Federated scientific machine learning for approximating functions and solving differential equations with data heterogeneity

Published in IEEE Transactions on Neural Networks and Learning Systems, 2024

Abstract

By leveraging neural networks, the emerging field of scientific machine learning (SciML) offers novel approaches to address complex problems governed by partial differential equations (PDEs). In practical applications, challenges arise due to the distributed essence of data, concerns about data privacy, or the impracticality of transferring large volumes of data. Federated learning (FL), a decentralized framework that enables the collaborative training of a global model while preserving data privacy, offers a solution to the challenges posed by isolated data pools and sensitive data issues. Here, this article explores the integration of FL and SciML to approximate complex functions and solve differential equations. We propose two novel models: federated physics-informed neural networks (FedPINNs) and federated deep operator networks (FedDeepONets).
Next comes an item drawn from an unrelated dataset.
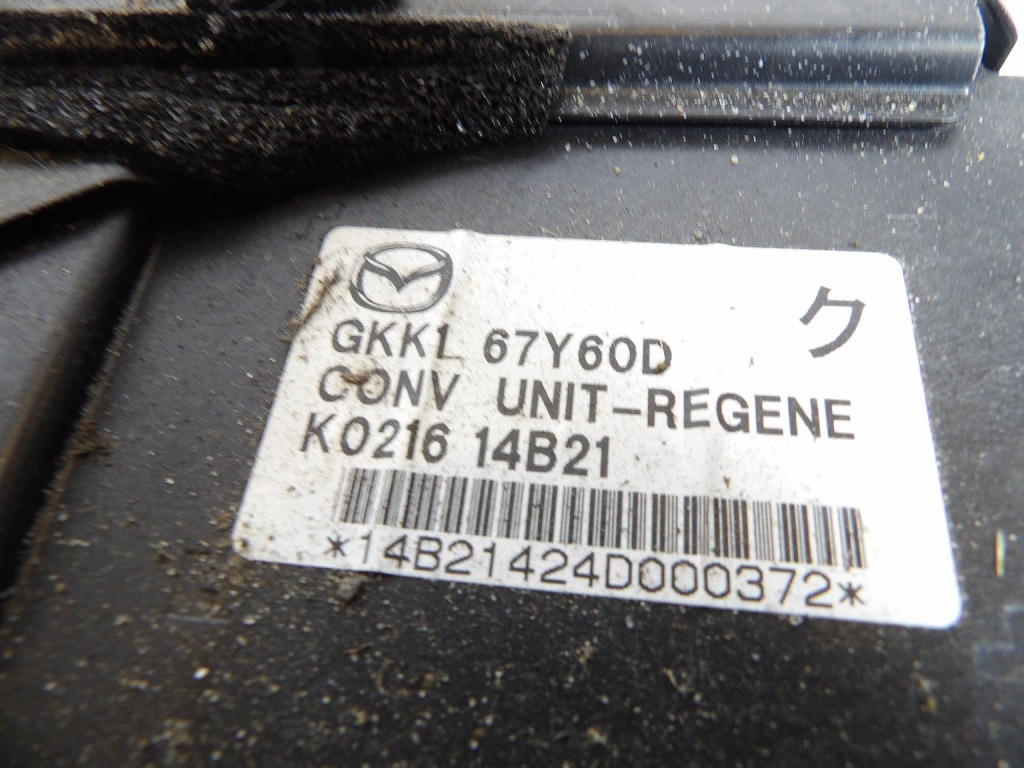 MAZDA 6 GJ 2.0SKYACTIV voltage module GKK167Y60D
We further introduce various data generation methods to control the degree of nonindependent and identically distributed (non-i.i.d.) data and utilize the 1-Wasserstein distance to quantify data heterogeneity in function approximation and PDE learning. We systematically investigate the relationship between data heterogeneity and federated model performance. In addition, we propose a measure of weight divergence and develop a theoretical framework to establish growth bounds for weight divergence in FL compared with centralized learning. To demonstrate the effectiveness of our methods, we conducted ten experiments, including two on function approximation, five PDE problems on FedPINN, and four PDE problems on FedDeepONet. These experiments demonstrate that proposed federated methods surpass the models trained only using local data and achieve competitive accuracy of centralized models trained using all data.

Main idea

Workflow for federated SciML.
Workflow of federated scientific machine learning.

In FedSciML, each client has its model and dataset. The models are trained through a collaborative training procedure, which includes (1) the aggregation from local models to the server model and (2) the broadcast from the server model back to local models.

Visualization of data generation methods.
Visualization of data generation methods.

We generate controllable non-IID datasets to study data heterogeneity in federated scientific machine learning. For function approximation and PDE problems, data are partitioned across clients using 1D partitions, 2D (x)-partitions, or 2D (xy)-partitions. For operator learning, data heterogeneity is introduced by assigning clients input functions generated from different subsets of Chebyshev basis functions. The 1-Wasserstein distance (W_1) is used to quantify the discrepancy between client data distributions.

Visualization of weight divergence in federated learning.
Figure. Visualization of weight divergence in federated learning.

The black dashed line represents the gradient descent for the centralized model. The blue and orange lines correspond to the gradient descents for two clients in federated learning, while the green line depicts the gradient descent of the global model using the FedAvg algorithm.